=== Section Start ===
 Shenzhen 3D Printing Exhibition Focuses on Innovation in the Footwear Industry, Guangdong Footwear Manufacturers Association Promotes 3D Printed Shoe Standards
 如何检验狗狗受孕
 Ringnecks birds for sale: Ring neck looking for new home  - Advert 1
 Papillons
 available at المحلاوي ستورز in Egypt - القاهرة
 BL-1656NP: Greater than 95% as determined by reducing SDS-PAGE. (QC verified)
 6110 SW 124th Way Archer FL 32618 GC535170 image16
=== Section End ===
=== Section Start ===
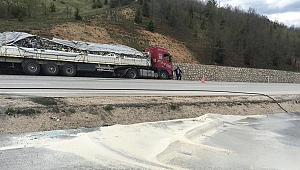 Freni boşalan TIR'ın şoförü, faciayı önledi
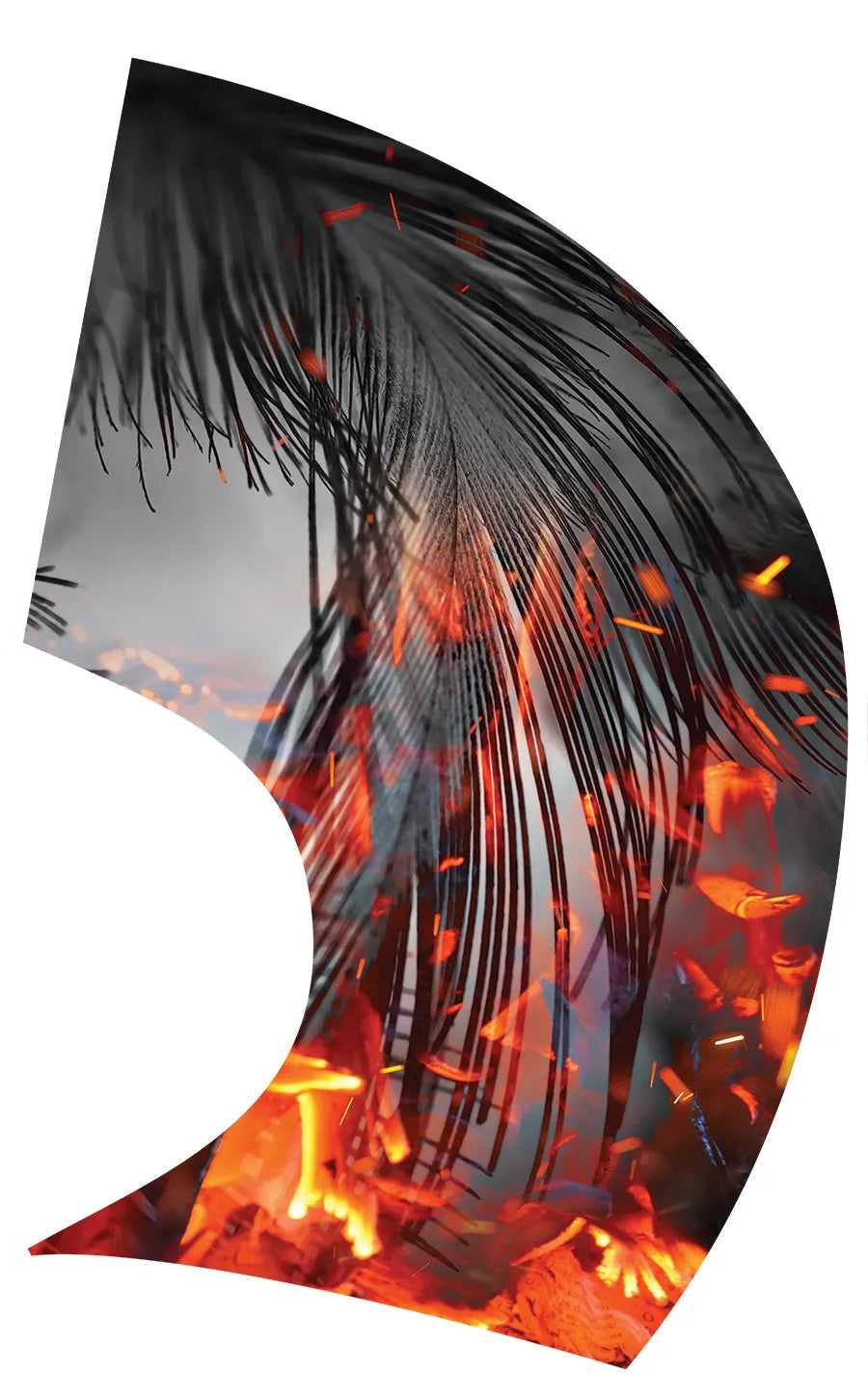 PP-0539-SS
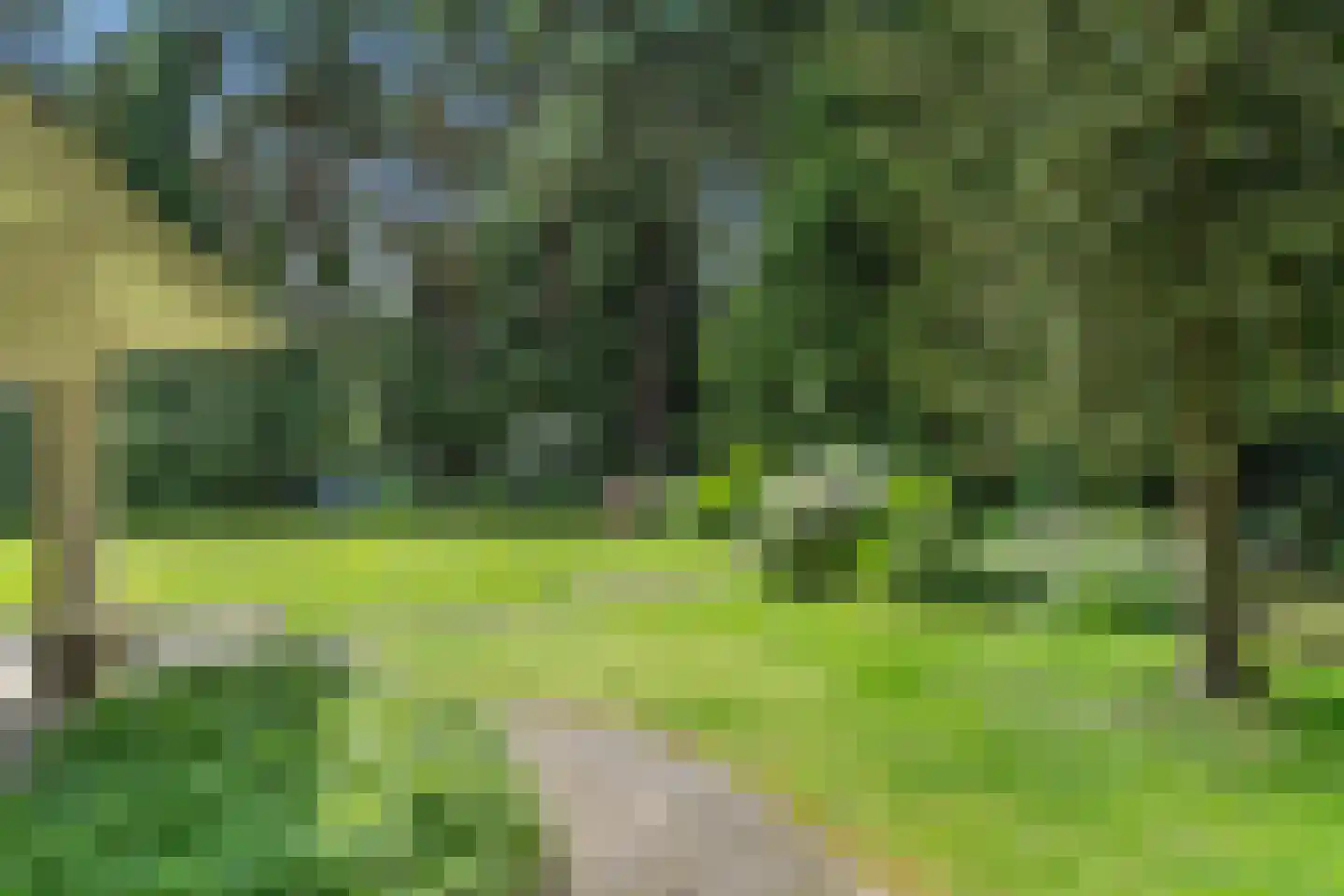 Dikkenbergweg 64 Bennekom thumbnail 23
=== Section End ===
=== Section Start ===
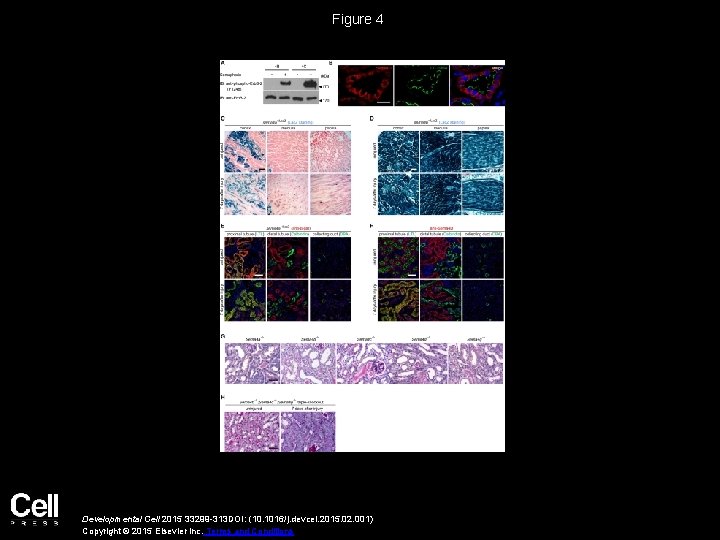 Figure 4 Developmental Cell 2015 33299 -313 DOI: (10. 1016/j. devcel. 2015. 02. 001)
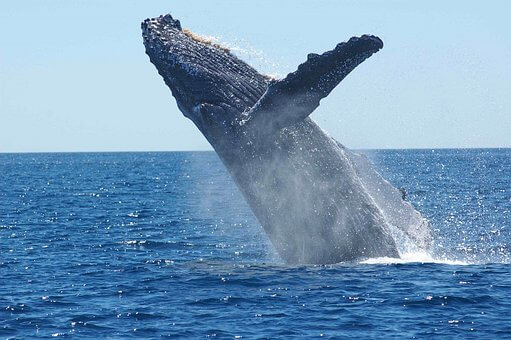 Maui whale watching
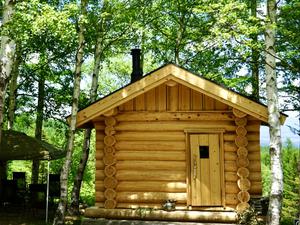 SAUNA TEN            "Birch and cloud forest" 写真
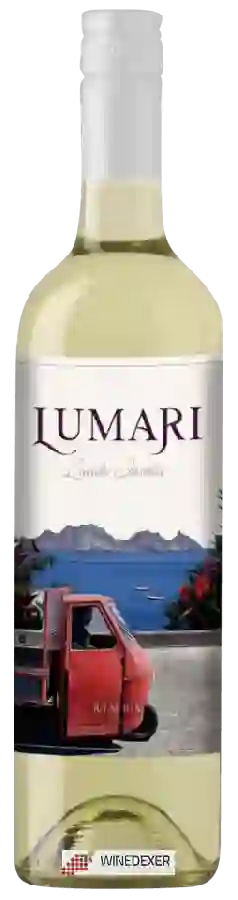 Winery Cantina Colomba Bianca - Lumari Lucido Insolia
=== Section End ===
## The problem
Beginning with the line above that contains "Shenzhen 3D Printing", copy each line exactly up to and including the line that contains "6110 SW 124th", and go no further.

## Answer to the problem
 Shenzhen 3D Printing Exhibition Focuses on Innovation in the Footwear Industry, Guangdong Footwear Manufacturers Association Promotes 3D Printed Shoe Standards
 如何检验狗狗受孕
 Ringnecks birds for sale: Ring neck looking for new home  - Advert 1
 Papillons
 available at المحلاوي ستورز in Egypt - القاهرة
 BL-1656NP: Greater than 95% as determined by reducing SDS-PAGE. (QC verified)
 6110 SW 124th Way Archer FL 32618 GC535170 image16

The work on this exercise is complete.